What needs to be done:
Each line of the material below with the word "order" is to be reported.

Top of Provided data

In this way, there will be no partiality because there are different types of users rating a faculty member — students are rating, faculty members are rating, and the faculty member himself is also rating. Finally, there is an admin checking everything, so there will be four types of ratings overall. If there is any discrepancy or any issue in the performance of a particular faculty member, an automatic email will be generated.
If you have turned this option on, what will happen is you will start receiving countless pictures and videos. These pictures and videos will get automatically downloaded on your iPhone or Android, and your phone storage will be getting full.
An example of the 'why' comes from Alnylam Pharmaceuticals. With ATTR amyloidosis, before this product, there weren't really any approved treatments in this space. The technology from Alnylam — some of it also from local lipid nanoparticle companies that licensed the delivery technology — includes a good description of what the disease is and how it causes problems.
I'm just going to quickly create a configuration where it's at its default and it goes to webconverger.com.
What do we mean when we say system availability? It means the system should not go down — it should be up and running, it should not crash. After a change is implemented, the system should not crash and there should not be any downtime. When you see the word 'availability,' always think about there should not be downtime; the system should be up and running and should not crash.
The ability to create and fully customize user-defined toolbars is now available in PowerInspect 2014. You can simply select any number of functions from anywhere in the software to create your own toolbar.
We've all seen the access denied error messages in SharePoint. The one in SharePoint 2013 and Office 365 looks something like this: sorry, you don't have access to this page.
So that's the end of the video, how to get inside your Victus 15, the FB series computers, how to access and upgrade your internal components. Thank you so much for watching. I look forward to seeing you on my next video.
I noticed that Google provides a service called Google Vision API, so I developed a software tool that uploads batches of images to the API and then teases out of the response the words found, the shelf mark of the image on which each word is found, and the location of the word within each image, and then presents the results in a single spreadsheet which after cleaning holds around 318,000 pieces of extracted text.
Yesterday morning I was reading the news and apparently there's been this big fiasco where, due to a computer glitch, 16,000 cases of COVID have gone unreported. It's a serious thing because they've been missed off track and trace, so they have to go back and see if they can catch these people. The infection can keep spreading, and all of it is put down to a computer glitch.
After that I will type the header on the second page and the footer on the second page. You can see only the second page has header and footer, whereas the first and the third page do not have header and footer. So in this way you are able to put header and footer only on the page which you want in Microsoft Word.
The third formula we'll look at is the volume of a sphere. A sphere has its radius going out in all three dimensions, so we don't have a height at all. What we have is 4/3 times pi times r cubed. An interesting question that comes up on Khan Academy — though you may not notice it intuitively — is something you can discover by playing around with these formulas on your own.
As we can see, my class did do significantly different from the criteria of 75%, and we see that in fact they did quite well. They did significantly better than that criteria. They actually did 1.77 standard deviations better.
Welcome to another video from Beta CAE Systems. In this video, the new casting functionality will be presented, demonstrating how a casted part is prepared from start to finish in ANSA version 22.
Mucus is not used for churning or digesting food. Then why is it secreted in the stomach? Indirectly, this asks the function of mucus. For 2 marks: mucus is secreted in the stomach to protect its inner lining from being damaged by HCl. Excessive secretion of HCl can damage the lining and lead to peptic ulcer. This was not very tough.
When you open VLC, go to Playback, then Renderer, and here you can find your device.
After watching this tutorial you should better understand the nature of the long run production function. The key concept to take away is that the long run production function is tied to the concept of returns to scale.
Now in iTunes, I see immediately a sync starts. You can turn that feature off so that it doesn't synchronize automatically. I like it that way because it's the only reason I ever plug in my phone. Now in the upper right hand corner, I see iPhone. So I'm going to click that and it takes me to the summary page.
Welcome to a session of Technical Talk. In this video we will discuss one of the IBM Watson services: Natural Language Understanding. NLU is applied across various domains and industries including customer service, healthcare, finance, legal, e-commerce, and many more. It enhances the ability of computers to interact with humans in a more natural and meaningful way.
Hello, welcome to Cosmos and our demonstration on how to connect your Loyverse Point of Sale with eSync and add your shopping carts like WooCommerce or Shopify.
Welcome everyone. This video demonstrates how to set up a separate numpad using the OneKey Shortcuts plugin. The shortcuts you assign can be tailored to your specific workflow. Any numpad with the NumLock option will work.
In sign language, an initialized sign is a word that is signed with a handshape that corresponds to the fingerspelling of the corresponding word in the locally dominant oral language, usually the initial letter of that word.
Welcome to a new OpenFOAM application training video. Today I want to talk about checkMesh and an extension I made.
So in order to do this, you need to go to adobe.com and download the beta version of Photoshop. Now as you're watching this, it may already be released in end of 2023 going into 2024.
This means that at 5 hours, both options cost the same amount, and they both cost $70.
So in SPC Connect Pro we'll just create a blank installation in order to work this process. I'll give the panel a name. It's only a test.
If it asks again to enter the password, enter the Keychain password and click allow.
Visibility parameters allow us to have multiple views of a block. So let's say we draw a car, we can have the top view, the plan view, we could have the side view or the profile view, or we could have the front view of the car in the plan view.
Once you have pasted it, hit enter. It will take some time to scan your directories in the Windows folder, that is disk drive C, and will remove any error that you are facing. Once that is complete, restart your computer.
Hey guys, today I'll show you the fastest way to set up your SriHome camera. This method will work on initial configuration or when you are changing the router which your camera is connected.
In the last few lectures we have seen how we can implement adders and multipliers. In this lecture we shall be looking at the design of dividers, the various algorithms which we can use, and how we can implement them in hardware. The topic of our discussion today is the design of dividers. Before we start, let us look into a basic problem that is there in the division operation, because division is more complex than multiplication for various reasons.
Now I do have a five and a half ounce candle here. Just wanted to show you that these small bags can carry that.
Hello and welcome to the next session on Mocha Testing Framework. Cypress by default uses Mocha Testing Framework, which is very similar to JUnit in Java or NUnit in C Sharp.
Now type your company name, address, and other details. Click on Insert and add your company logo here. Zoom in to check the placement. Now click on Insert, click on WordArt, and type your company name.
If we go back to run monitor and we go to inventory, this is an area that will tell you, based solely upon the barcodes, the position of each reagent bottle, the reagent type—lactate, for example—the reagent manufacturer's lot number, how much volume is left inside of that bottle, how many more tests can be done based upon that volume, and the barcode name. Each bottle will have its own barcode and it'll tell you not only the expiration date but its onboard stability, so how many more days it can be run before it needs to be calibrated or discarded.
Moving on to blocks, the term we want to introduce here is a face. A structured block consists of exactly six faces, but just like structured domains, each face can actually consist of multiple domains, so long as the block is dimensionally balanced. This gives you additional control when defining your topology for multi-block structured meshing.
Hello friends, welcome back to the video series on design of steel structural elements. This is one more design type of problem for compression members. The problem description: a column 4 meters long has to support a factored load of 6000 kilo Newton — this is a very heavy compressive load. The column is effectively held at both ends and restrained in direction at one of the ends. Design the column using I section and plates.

Bottom of Provided data

Result of this task:
So in order to do this, you need to go to adobe.com and download the beta version of Photoshop. Now as you're watching this, it may already be released in end of 2023 going into 2024.
So in SPC Connect Pro we'll just create a blank installation in order to work this process. I'll give the panel a name. It's only a test.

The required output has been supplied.